A submission is for one code base for the benchmarks submitted. An org may make multiple submissions. A submission should take the form of a directory with the following structure. The structure must be followed regardless of the actual location of the actual code, e.g. in the MLPerf repo or an external code host site.
In case of submission of results for multiple systems, please use <system_desc.id> to differentiate these. System names may be arbitrary. We recognize implementatations for multiple systems of the same organization could have different dependencies on a common code base and on each other. When submitting the code, please organize the code as much as possible following a logical structure that makes it possible to reproduce the results, and accompany it with scripts and a README that explains the process. You can use multiple <implementation_id>s to structure your submission. While we do not have many examples in Tiny yet, you can refer to https://github.com/mlcommons/inference_results_v1.1/tree/main/closed for inspiration.
<division>
└── <submitting_organization>
├── systems
│ ├── <system_desc_id>.json #combines hardware and software stack information (one file for each system benchmarked)
│ ├── TinyMLPerf_v0.1_Submission_Checklist.pdf
│ └── Energy-Hookup.pdf #image or text description how to reproduce energy configuration and measurment if submitting energy results
├── code
│ └── <benchmark_name per reference>
│ └── <implementation_id>
│ └── <Code interface with runner and other arbitrary stuff>
└── results
└── <system_desc_id> # (one folder for each system benchmarked)
└── <benchmark>
├── performance
│ ├── performance_result.txt #results summary produced by runner after performance test
│ ├── performance_log.txt #log produced by runner after performance test
│ └── performance_script.async #script file produced by runner after performance test
├── accuracy
│ ├── accuracy_result.txt #results summmary produced by runner after accuracy test
│ ├── accuracy_log.txt #log produced by runner after accuracy test
│ └── accuracy_script.async #script file produced by runner after accuracy test
└── energy #if submitting energy results
│ ├── energy_result.txt #results summmary produced by runner after accuracy test
├── energy_log.txt #log produced by runner after accuracy test
└── energy_script.async #script file produced by runner after accuracy test
System names and implementation names may be arbitrary.
<division> must be one of {closed, open}.
<benchmark> must be one of {vww, ic, kws, ad}.
Here is the list of mandatory files for all submissions in any division/category.

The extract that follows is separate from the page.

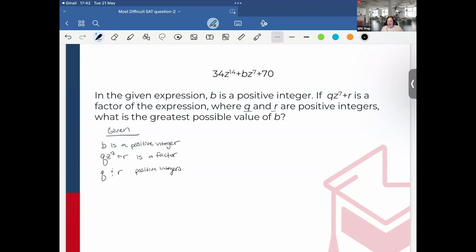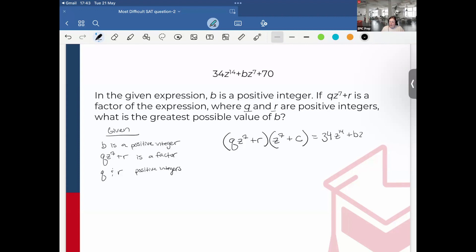Knowing that, if QZ to the 7th plus R is a factor of the expression, I can create my own equivalence. I could write it as (Z to the 7th plus C) times another factor, which when expanded gives QZ to the 14th plus QC·Z to the 7th plus R·Z to the 7th plus RC, equal to 34Z to the 14th plus BZ to the 7th plus 70.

However, your submission should still include all software information and related information for results replication.
-
performance_result.txt (optional, but please check in if available)
-
performance_log.txt
-
performance_script.async
-
accuracy_results.txt (optional, but please check in if available
-
accuracy_log.txt
-
accuracy_script.async
-
calibration or weight transformation related code if the original MLPerf models are not used
-
actual models if the models are not deterministically generated
-
READMEs to enable users to replicate performance results
-
code which interfaces with the runner
-
<system_desc_id>.json
-
TinyMLPerf_v0.1_Submission_Checklist.pdf